Given that the Office works on a three-year lectionary
cycle, I must surely have read the Book of Bel & the Dragon publicly at Morning
Prayer before, but I really can’t remember doing so. In fact I am so shamefully
unfamiliar with it I couldn’t even recall what happens. You can see why it’s confined
to the Apocrypha: having already been vindicated in his worship of the God of
Israel, the prophet Daniel, in Babylon along with the other Jewish exiles, is rather
illogically tested again by being called on to do obeisance first to a brazen
image and then a hideous beast. At least the text attaches this story, or two
stories, to a different Babylonian king, Cyrus rather than Artaxerxes, but it
has Daniel being cast into the lions’ den for a second time. This time, not
only does the Lord shut the lions’ mouths, but rather charmingly the prophet
Habbakuk is magically transported to Babylon with a bowl of stew so Daniel won’t
go hungry. Angela Carter once defined a fairy story as ‘one in which a king can
call on another king and ask to borrow a cup of sugar’, and Bel & the Dragon
clearly falls into the same category, dare I say it.

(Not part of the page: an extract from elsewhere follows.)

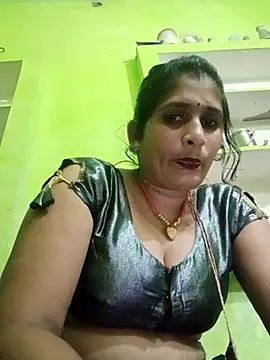 Snapshot of Hot-piuy chatting on 09-17-25, 09:55 Hot-piuy online show from 09-17-25, 09:55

It's the brazen image which interested me. Every day
twelve bushels of flour, forty sheep and fifty gallons of wine are sacrificed
to this thing, Bel, and King Cyrus adduces its daily disappearance as evidence
that Bel is indeed a god. Daniel naturally scoffs, and persuades Cyrus to test
the divinity of Bel by scattering ash around his sanctuary and sealing his
temple after the daily sacrifice. Lo and behold, when the door is reopened, the
offerings have vanished, but there in the ash are the tell-tale footprints of the
priests of Bel and their families who have sneaked in through a secret trapdoor
to snaffle the lot. Enraged, Cyrus has them all slaughtered and the temple
pulled down forthwith.
Enraged; and one might imagine humiliated, as Cyrus
the Mede would have had to have been prenaturally unobservant not to realise
this was happening at the Temple of Bel given something similar took place at
every other temple in the ancient world, even at the Temple in Jerusalem
where it was quite explicit that, apart from the portion of offerings that were
burned to a crisp ‘as an odour pleasing to the Lord’, the priests ate the
sacrifices. It was standard practice. In this story the great conqueror of much
of the ancient world is shown up as the equivalent of a grown-up who still thinks
Santa consumes the brandy and mince pie left out on Christmas Eve. Yes, all
across the ancient Levant gods were ‘woken up’ in the morning and put to sleep
at night in the persons of their statues, but while everyone felt there was
some sense in which the deity was connected with their cult image, nobody really
thought it was them. Does this tale, then, show that the Jews really thought
the pagans did?
My mind goes back to a parallel we talked about some years ago – the non-existent scandal of the mechanical statues of medieval
cults mocked and vilified by the 16th-century Reformers who had
never actually seen them move or knew how they had functioned in their
contexts. They felt comfortable ridiculing the credulous believers of the past
precisely because they were far enough in the past to do so. The writers
of these Biblical texts were also sufficiently distant from the worship
patterns they described to be able to tell such mocking stories. Nobody was
going to say them nay.
But there was some point to it all. The other night I led a discussion
about the Exodus story for a group of folk from other parishes on a diocesan
course, and we touched on the ways in which the worship of the God of Israel
differed from that of pagan deities, and what it meant for the Hebrews to be in
relationship with him. I decided not to stray into the hazardous area that had
occurred to me when I was preparing that in some ways the whole narrative reads
uncomfortably. You can caricature the Lord’s declaration to Israel as ‘You are
in a relationship with me; you have entered voluntarily into this relationship;
and if you try to leave it, I will hurt you’. Once upon a time this kind of
thing might not have raised any concern at all but nowadays we know what to
call it. It occurs to me that the Church has to do some work to say why this
image of God as an abusive partner is not in fact accurate.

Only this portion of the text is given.